Both the physician and my husband’s family used this as an opportunity to encourage my in-laws to proceed with their long-discussed – and postponed – move into a retirement center.
My in-laws are no different than most older persons: according to several recent studies, leaving home and losing independence are the biggest fears most seniors have. According to “Aging in Place in America,” commissioned by Clarity and The EAR Foundation (as reported in last week’s Senior Journal.com ) only 3% of seniors feared death, compared with 26% of seniors who most feared losing their independence.
From our perspective, and, to be perfectly honest from my father-in-law’s perspective, too, moving out of a home environment into a retirement center is an opportunity to increase companionship, social stimulation and activities, as well as a chance to let someone else do the leaf-raking. It’s my mother-in-law that fears losing her things that have such meaning and sentimental value, the things she’s surrounded herself with throughout her adulthood.

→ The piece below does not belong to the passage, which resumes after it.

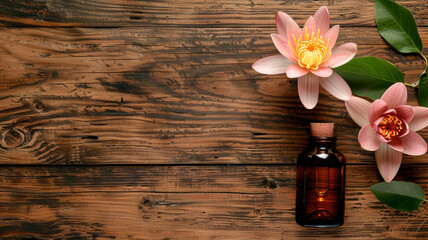 lotus essential oil in a bottle. Selective focus.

Interestingly the study found that the children of seniors worry most about their parents being mistreated in nursing homes (82%); 89% worry about their parents being sad. Certainly that reflects the media attention that abuse or mistreatment in nursing homes receives; it also reflects our fears as boomers that we won’t personally be able to balance everything – our work, our kids and our parents. If we can’t have confidence in the care they’ll receive in a nursing home – or any other senior care setting – we’ll continue to worry about them and continue to feel the “Sandwich” squeeze.

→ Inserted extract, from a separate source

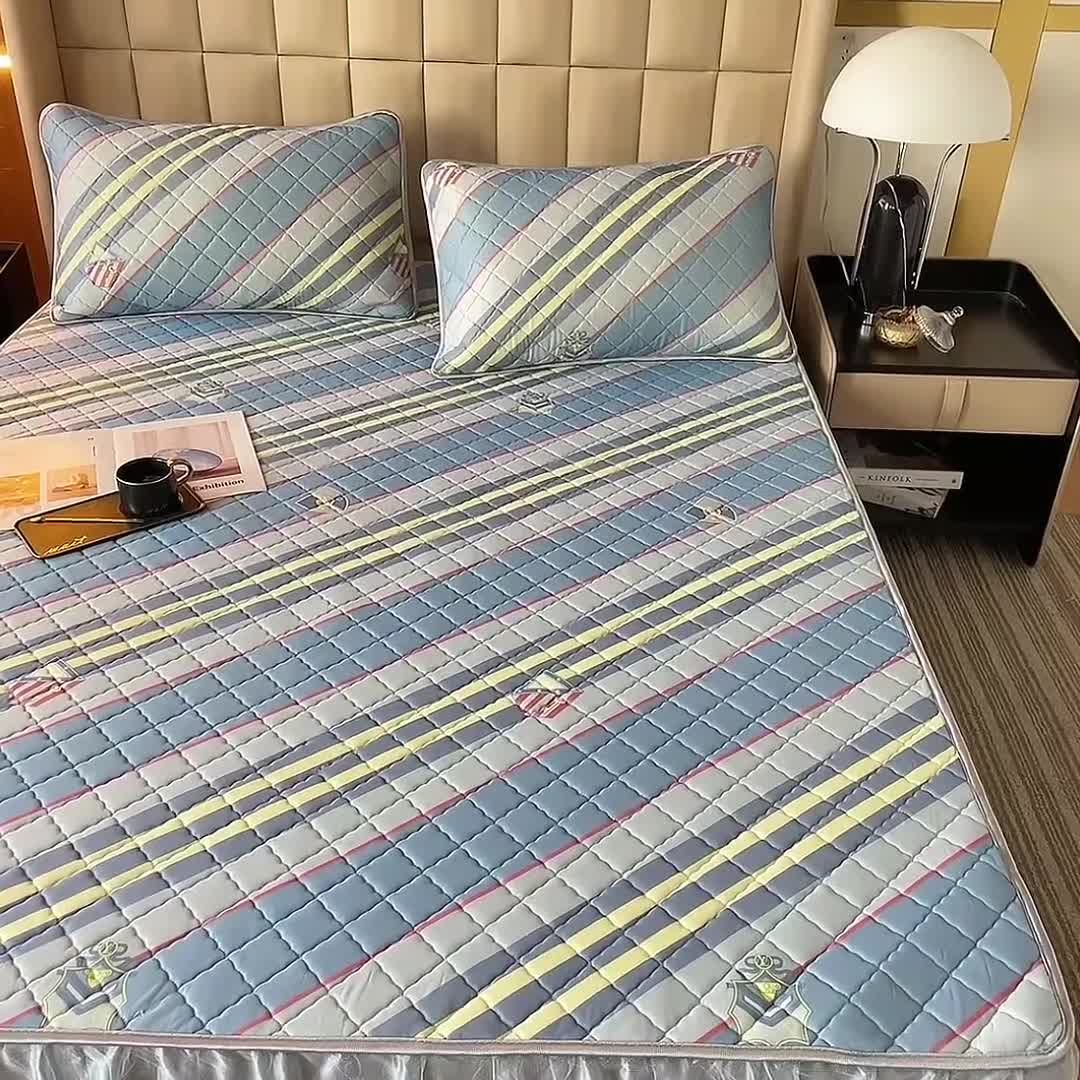 91家纺网 家纺一手货源 找家纺 锦罗绣 2024新款水洗乳胶凉席床裙凉席夏被四件套 格调条纹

It’s time to start a new perspective on aging options, whether retirement community, assisted living or skilled nursing. It’s time to think of these as options to ADD to our live, and to the lives of our parents, rather than options for TAKING AWAY: independence, freedoms and decent and honorable treatment.
It’s time, as members of an already too-stressed generation of people caring for parents (and grandparents), children (and grand-children) to see the advantages of getting help in providing care and services to our parents.

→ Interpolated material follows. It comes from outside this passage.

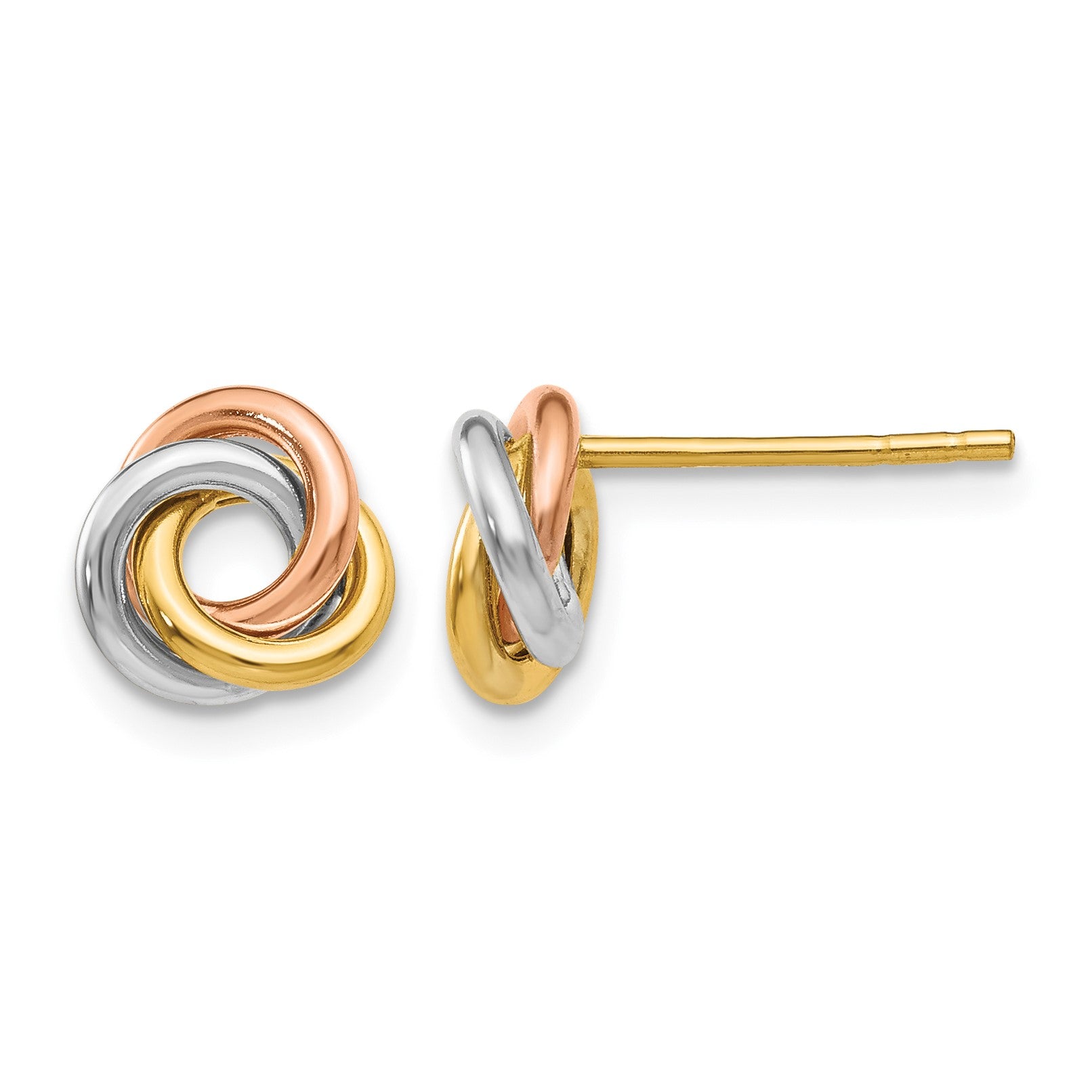 14k Tri-color 8mm Twisted Love Knot Post Earrings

It’s time, from the professional perspective, to put into place methods and systems for family members to consider these options worry-free, and guilt-free.
Maybe it's even time for my father-in-law to put down his rake - but only if that's what he really wants to do (one can rake leaves even in a retirement community, dad)!
It’s up to us, as the baby boomer generation with the most challenges and stresses related to this issue our nation has ever experienced, to start making the difference.